Digital Equity and Incarcerated Individuals - DE4II/advocacy-tools GitHub Wiki
WHAT DOES DIGITAL EQUITY HAVE TO DO WITH INCARCERATED INDIVIDUALS?
The Digital Equity Act identifies Incarcerated Individuals as one of the covered populations that suffer from digital inequity. This should come as no surprise: many incarcerated individuals have no access to digital devices or internet connectivity and suffer high levels of digital illiteracy. In fact, some jurisdictions prohibit Internet access for incarcerated individuals by means of restrictive statutes or regulations. Moreover, even when incarcerated individuals do have access to digital devices and Internet connectivity, they are often prohibitively expensive, extremely limited, and poorly implemented due to the unique digital context, with its own unique barriers to digital equity, in which incarcerated individuals live.

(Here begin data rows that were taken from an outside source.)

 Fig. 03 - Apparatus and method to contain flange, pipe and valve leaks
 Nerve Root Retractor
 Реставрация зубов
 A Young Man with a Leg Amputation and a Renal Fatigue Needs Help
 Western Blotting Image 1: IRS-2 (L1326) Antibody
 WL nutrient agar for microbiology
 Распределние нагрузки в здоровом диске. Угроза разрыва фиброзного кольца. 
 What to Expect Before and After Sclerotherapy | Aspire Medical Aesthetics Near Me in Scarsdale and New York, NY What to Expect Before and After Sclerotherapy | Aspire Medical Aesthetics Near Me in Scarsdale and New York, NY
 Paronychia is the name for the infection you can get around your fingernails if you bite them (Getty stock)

Clearly incarcerated individuals suffer digital inequity. The question remains whether the digital inequity suffered by incarcerated individuals is merely one of many justified restrictions on liberty suffered by incarcerated individuals as a result of their punishment or incarnation, or whether digital inequity among incarcerated individuals is an evil that must be rooted out.

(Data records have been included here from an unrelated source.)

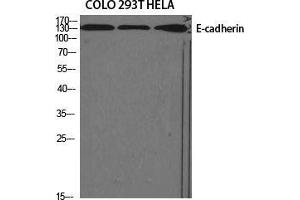 Western Blot (WB) analysis of specific cells using E-cadherin Polyclonal Antibody. (E-cadherin 抗体  (N-Term))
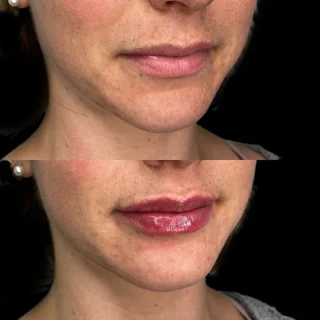 lip filler
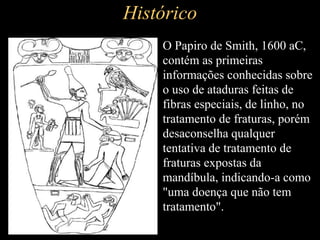 Histórico
• O Papiro de Smith, 1600 aC,
contém as primeiras
informações conhecidas sobre
o uso de ataduras feitas de
fibras especiais, de linho, no
tratamento de fraturas, porém
desaconselha qualquer
tentativa de tratamento de
fraturas expostas da
mandíbula, indicando-a como
"uma doença que não tem
tratamento".
 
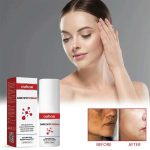 DARK SPOT CREAM  2 pc - Image 5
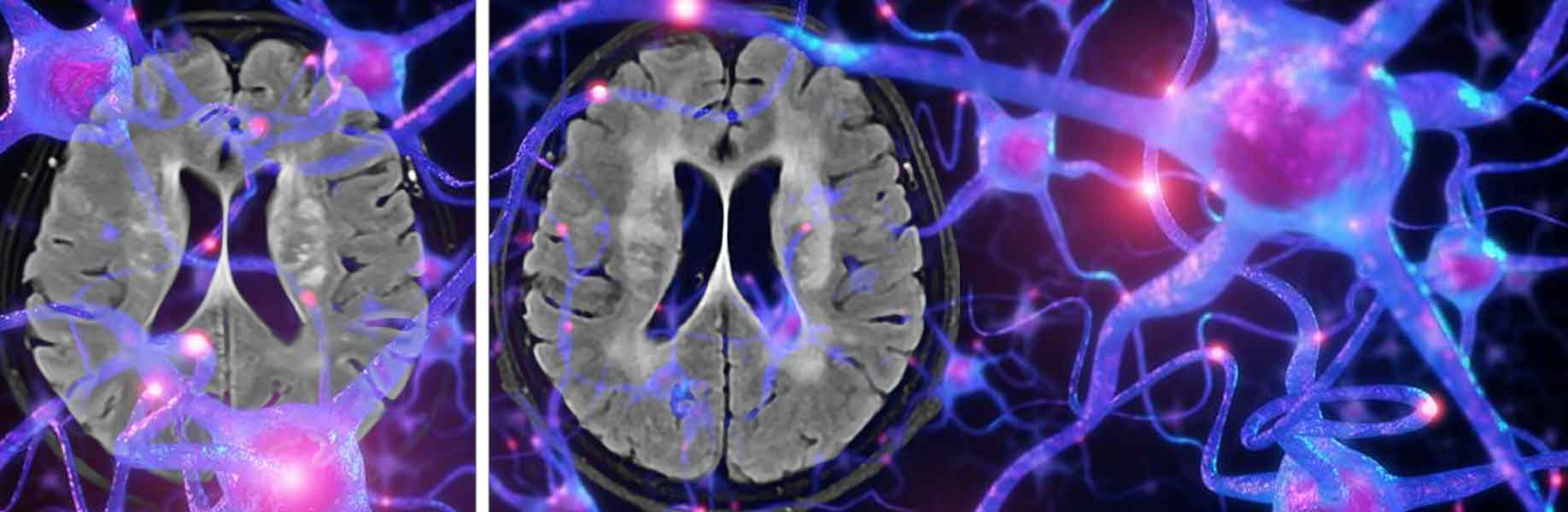 Whole-brain study reveals how worms follow or avoid smells
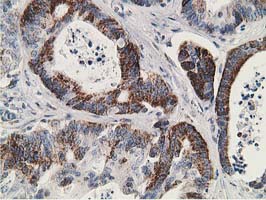 GNB2L1 / RACK1 Antibody - IHC of paraffin-embedded Adenocarcinoma of Human colon tissue using anti-GNB2L1 mouse monoclonal antibody. (Heat-induced epitope retrieval by 10mM citric buffer, pH6.0, 100C for 10min).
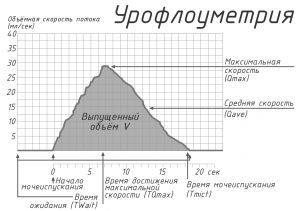 Урофлоуметрия, главная иллюстрация, общая схема.jpg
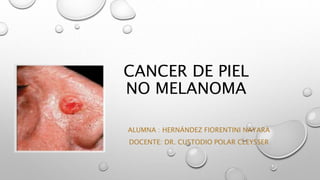 CANCER DE PIEL
NO MELANOMA
ALUMNA : HERNÁNDEZ FIORENTINI NAYARA
DOCENTE: DR. CUSTODIO POLAR CLEYSSER
 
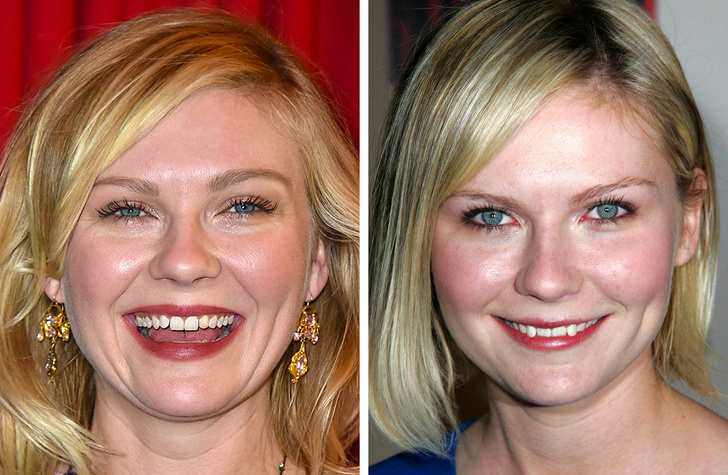 звёзды которые принимают себя такими какие они есть, звёзды против пластики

Because the increased economic and employment success, educational achievement, social inclusion, and civic engagement that tend to flow from digital equity are positively correlated with reduced recidivism among previously incarcerated individuals, digital equity among incarcerated individuals can be expected to reduce crime. As such, digital equity among incarcerated individuals is a matter of social justice, safety, and security and is worth pursing.